I would worry about small niche journals in such a system, as they’re often only possible because of big publishers’ economies of scale. There’s a reason why so many research societies have flocked to big publishing houses. Would such a system inherently favor a place like Oxford University Press, a rare university press that can offer the levels of scale of the big commercial publishers? Would this alleviate monopoly problems or only shift them to a new monopoly?

Also, the idea assumes that universities are immune to economic pressures. Given the funding problems in the University of California system, how long would it take for a press at a university in that system to be seen as a potential profit center used to make up budget shortfalls?

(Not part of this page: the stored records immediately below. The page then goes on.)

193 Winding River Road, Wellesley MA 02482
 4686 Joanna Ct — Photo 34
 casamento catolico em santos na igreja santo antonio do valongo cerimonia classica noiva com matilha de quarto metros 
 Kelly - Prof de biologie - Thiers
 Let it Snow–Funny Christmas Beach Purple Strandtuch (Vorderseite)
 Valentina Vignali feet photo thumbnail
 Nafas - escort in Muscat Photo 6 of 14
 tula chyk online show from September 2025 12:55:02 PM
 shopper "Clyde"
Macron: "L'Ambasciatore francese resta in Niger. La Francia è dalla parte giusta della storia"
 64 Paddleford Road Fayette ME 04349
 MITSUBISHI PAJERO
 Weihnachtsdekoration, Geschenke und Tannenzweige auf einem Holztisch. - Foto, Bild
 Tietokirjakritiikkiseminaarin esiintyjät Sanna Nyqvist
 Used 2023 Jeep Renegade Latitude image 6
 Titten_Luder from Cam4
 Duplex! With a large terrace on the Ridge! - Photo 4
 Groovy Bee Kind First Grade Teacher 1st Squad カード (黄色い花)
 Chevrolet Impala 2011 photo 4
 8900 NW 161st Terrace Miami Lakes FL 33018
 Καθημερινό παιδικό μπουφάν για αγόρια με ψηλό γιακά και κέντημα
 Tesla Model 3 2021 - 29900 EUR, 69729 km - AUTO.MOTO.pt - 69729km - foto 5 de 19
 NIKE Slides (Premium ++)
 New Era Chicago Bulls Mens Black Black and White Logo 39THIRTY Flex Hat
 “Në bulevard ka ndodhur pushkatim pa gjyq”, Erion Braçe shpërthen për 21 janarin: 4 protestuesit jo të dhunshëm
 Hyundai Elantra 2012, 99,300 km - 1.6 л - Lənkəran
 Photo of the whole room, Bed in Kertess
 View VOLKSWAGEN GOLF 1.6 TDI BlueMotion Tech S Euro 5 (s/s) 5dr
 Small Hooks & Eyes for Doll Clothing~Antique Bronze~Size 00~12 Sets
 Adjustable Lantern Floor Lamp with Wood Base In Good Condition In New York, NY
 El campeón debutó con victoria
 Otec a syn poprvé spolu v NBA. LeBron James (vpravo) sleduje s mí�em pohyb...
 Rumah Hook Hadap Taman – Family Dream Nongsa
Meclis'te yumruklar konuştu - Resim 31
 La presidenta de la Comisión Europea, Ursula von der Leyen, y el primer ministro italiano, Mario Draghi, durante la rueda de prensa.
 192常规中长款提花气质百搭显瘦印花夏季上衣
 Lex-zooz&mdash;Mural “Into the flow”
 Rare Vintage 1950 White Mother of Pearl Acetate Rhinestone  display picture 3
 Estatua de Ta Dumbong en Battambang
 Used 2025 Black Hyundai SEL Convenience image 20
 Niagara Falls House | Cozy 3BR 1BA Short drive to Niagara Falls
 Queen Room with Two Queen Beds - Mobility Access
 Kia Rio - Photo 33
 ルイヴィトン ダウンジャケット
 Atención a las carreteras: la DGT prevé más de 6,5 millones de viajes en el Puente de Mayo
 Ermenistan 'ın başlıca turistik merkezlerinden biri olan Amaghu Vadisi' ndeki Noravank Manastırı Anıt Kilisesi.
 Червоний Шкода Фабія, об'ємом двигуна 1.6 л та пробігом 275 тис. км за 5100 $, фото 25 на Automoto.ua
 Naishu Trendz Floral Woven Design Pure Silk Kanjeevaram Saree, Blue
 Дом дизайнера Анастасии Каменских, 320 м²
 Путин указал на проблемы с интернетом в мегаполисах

If that university press published the top journal in a field, couldn’t they increase subscription prices or author fees with abandon?

Hi, David —

You’re right — I think I misread Sandy’s comment. I thought he was suggesting that each university could require its own faculty to publish with its own UP, but in fact he seems to have been suggesting only that faculty be required to publish within the nonprofit community. Apologies, Sandy!

But, as you point out, this still only goes partway towards solving the competition problem I described.

Yes, David has interpreted my proposal correctly. I once thought that there might be a “tipping point” reached when commercial publishers figured they could not continue to maintain their high levels of profit and would exit the business, leaving it by default to university presses and society publishers. but it appears now that commercial publishers have figured out how to make Gold OA generate as high profits at the TA system did. As for scale, collaborative efforts like Project Muse have solved that for smaller presses. At Penn State, our program of 12 journals could not have survived the transition to digital without Project Muse; but it did take care of the problem, financially, while allowing us to maintain the prestige of the journals we published as attractive for faculty in those fields. If universities don;t make some kind of effort along the lines I’ve suggested, they will be held hostage forever to the commercial publishers, who will continue to bleed universities dry.

Researchers choose the best journal they can get into for publishing their papers. Generally, “best” means the journal that will provide the most career advancement/funding value. Perhaps rather than a mandate that restricts where one can publish, why not instead think of ways that universities could offer incentives for keeping the money within academia, offering more career rewards for publishing with non-commercial entities? That might help eliminate the competitive disadvantage one would face if one tried to enforce limits on researchers.